Github for "Reduced, Reused and Recycled" (NeurIPS 2021 Best Paper, D&B Track)

Primary LanguageJupyter Notebook

Reduced, Reused, and Recycled: The Life of a Machine Learning Dataset

NeurIPS 2021

Best Paper NeurIPS Datasets and Benchmarks Track

This repository contains the datasheet, data, and code to reproduce all the analyses in the paper. I'm stil organizing things a bit, but if you need something immediately or find it confusing, please open a GitHub issue or email me. I recommend reading the paper, appendix, and datasheet (in that order) thoroughly before sifting through the code.
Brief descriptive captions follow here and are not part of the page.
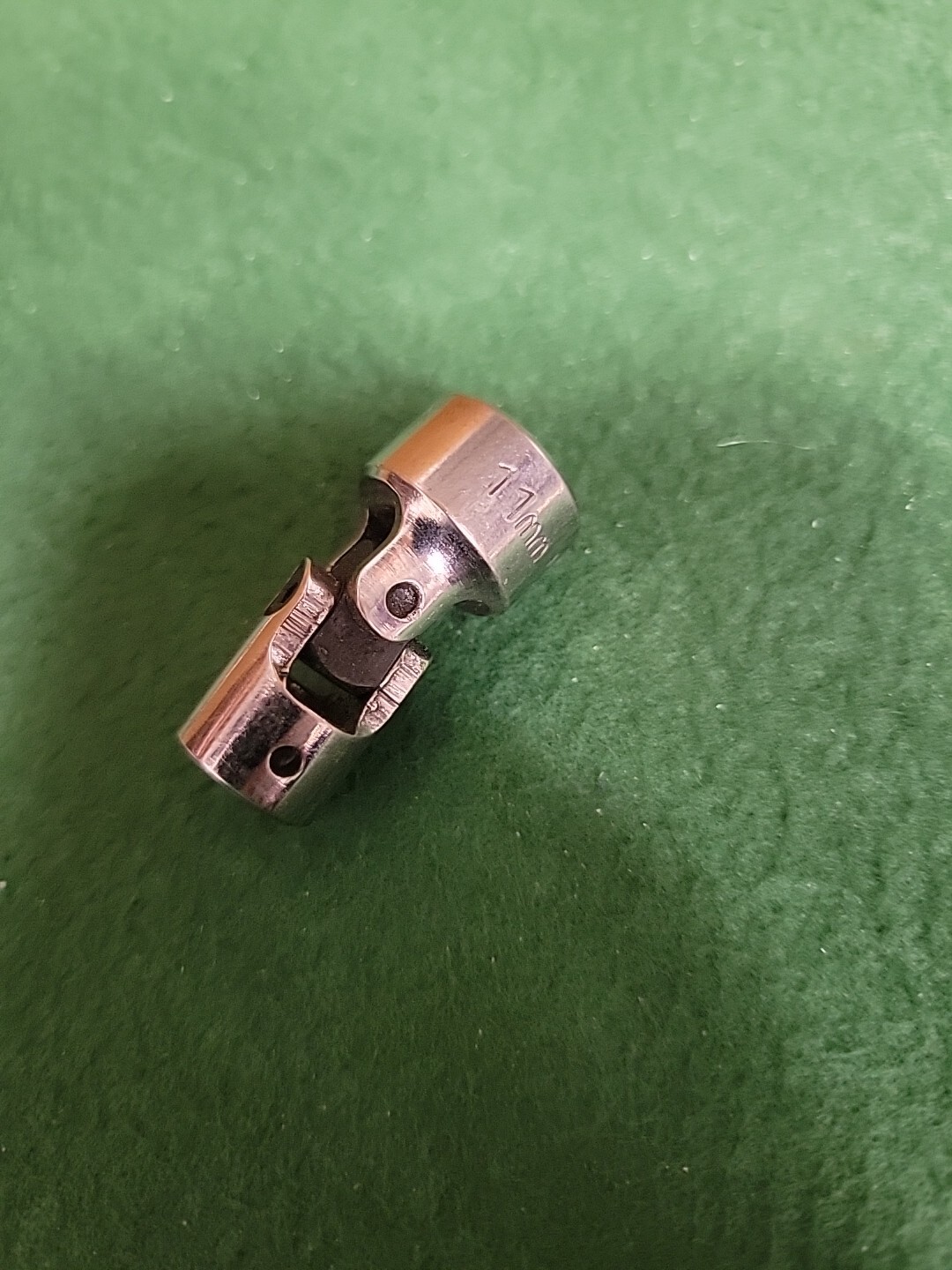 MATCO 11MM 1/4″ DRIVE AU11M6 6 POINT METRIC UNIVERSAL SWIVEL SOCKET 11 MM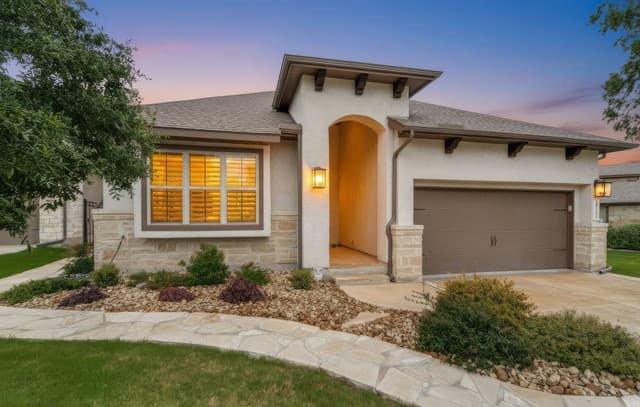 3-bedroom rental at 28331 Charlotte Cove in San Antonio, TX — photo 2
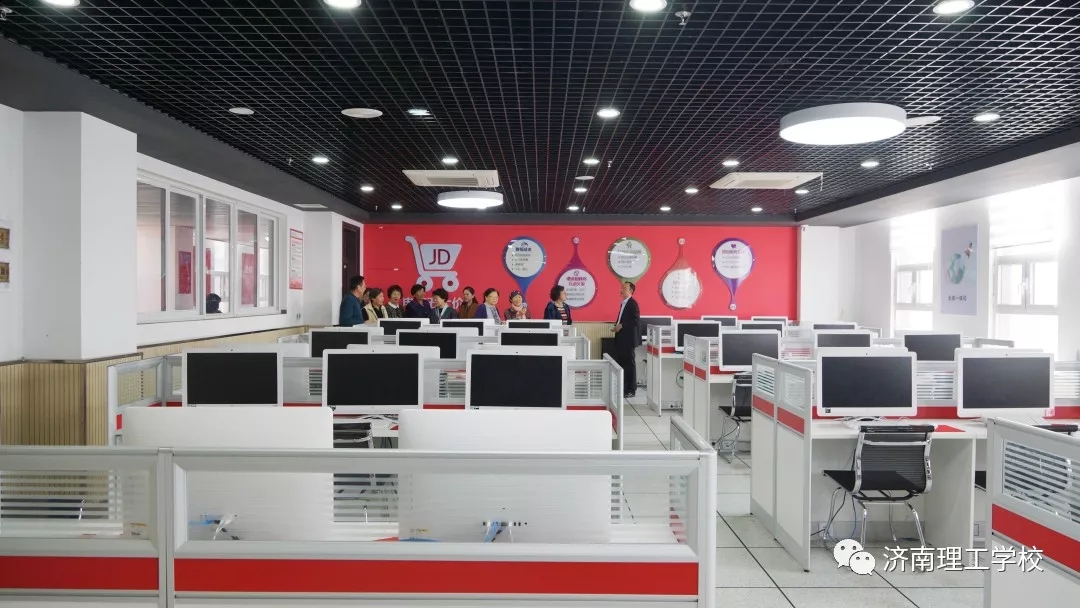 1557819000540541.jpg 23.webp.jpg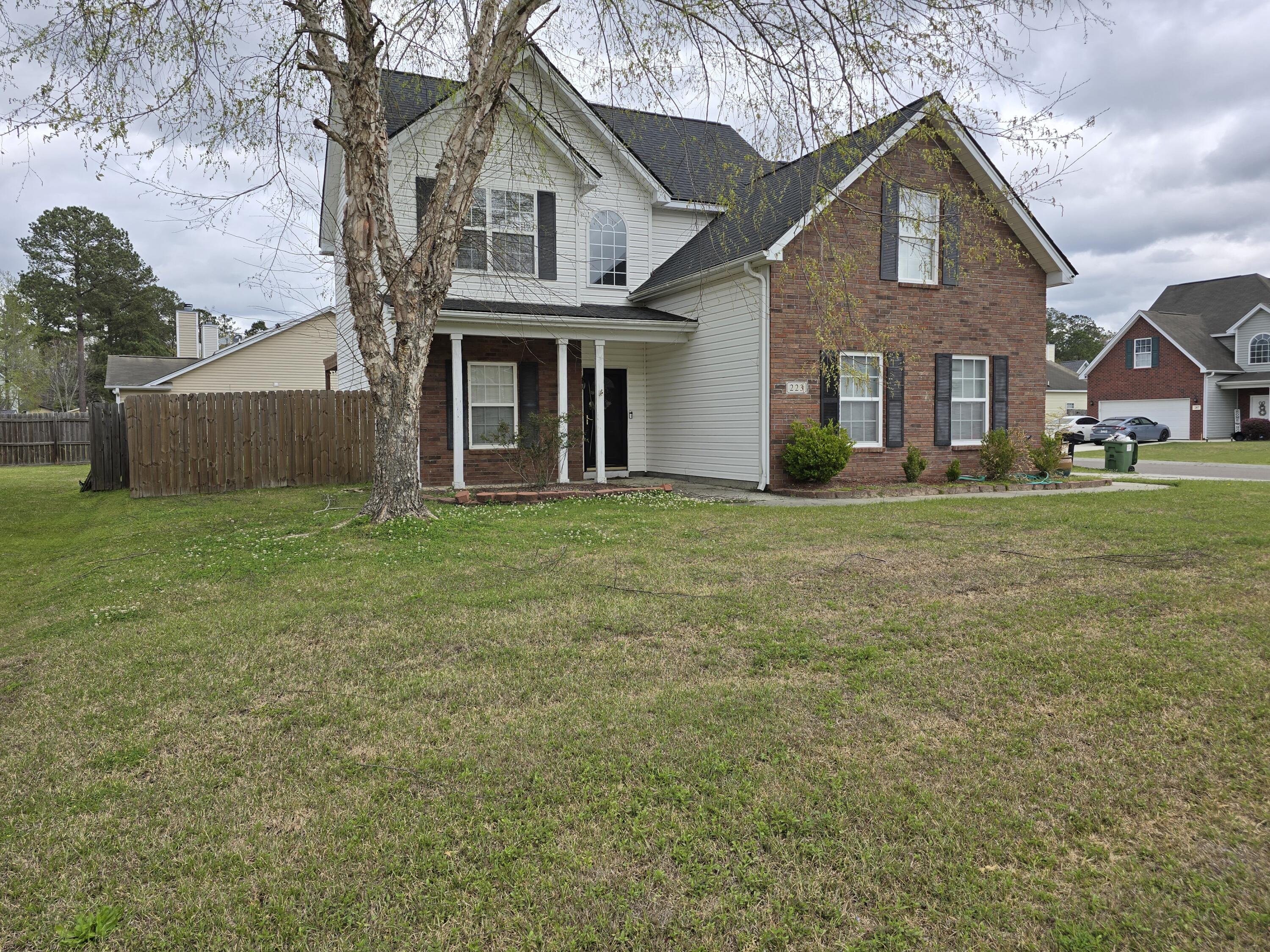 223 Westbrooke Road Summerville, SC 29486 - Photo 3 of 12 20250324_161629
TEMPORARY EDIT: The raw datafiles are too big for Github and I need to find another solution like Zenodo. I am out of town through the end of January 2022 but if you need them ASAP let me know.

The Github is organized as follows:

"Analysis": This folder contains 3 Rscripts to reproduce the analyses and figures in the paper. These R scripts should save the figures to the "Figures" or "Appendix" folders as appropriate.

Most of the things you are looking for are in the "Data" folder.

Dataset_Curation: You'll find the main notebook to clean and curate the data for the whole project, "MainDataset.ipynb."

Dataset_Curation/Data: You'll find four json files that correspond to the raw data from MAG and PWC. The PWC files are 06/16/21 downloads from here. I will try and add some code to show how I got the MAG ID's for the papers in "datasets.json" but given that MAG is offline, I'm not sure it's that helpful.

Dataset_Curation/Data/Derivative Datasets: Derivative and intermediary datasets that are created throughout the cleaning process of MainDataset.ipynb are saved here. Some of these datasets take a long time to generate so it's helpful to save them as we go.

Dataset_Curation/Data/Analysis_Datasets: The final datasets created by MainDataset.ipyb drawn on by the R scripts in the "Analysis" Folder are saved here.

Dataset_Curation/Data/Sensitivity_Datasets: Sensitivity analysis datasets created by MainDataset.ipyb drawn on by the R scripts in the "Analysis" Folder are saved here.